The prosecutor said further investigations revealed that the three accused persons were the directors and principal officers of Menzgold and Brew Marketing Consult.

The Securities and Exchange Commission (SEC) later directed Menzgold to suspend its gold trading operations with the public.

The Commission revealed that the aspect of Menzgold’s business, which involves the purchase/deposit of gold collectables from the public and contracts issued with guaranteed returns with clients, was a capital market activity (issuance of gold-backed depository notes to the public) under Act 929 without a valid licence issued by SEC contrary to Section 109 of Act 929 with consequences under section 206 (1) of the same act.”

The Bank of Ghana (BoG) also saw the operations of Menzgold as a form of deposit-taking.

Without a licence from the central bank, the Menzgold business was declared to have violated the Banks and Specialised Deposit-Taking Institutions Act, 2016.

The two regulatory bodies decided to shut down the operations of Menzgold.

But NAM 1 fought back, insisting that his business was legal and did not need approval from the SEC and BoG.

Menzgold decided to sue BoG and SEC for shutting down its business, describing the action as “premature, hasty, arbitrary and clearly intended to affect its accrued rights and customers in a prejudicial manner.”

The company was seeking a declaration that the order by the SEC constitutes “an abuse of its discretionary powers and is arbitrary, capricious and contrary to Articles 23 and 296 of the 1992 Constitution.”

However, the Accra High Court dismissed the suit.


Nana Appiah Mensah was arrested over the charges after returning to Ghana from a business trip to Dubai.

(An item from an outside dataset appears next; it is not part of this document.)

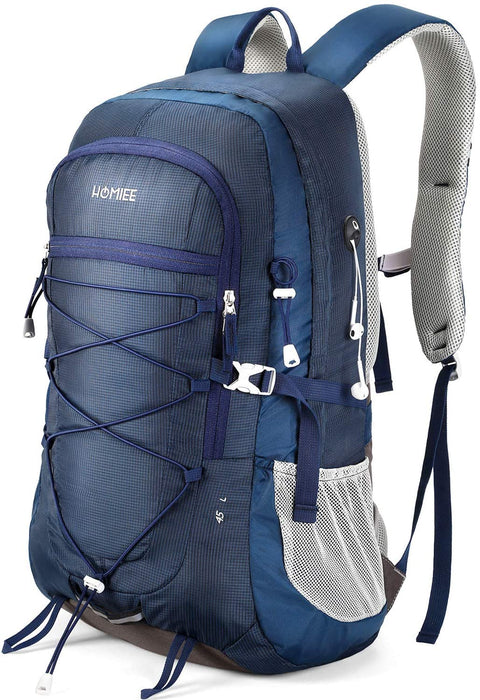 45L Wanderrucksack Herren Damen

After meeting his revised bail conditions, he was later released from police custody on August 17, 2019.

Earlier, the court had varied the bail conditions to allow five sureties to guarantee his bail without showing evidence of having properties worth the GH¢1 billion bail sum.

The court, however, refused a request by counsel for Nana Appiah for a reduction in the bail sum from GH¢1 billion to GH¢20 million.

On July 26, 2019, the court ordered three of the five sureties to show justification, meaning they must prove they had properties or interests worth the GH¢1 billion bail sum.

As part of the bail conditions, he is also to report to the Ghana Police Service every Wednesday.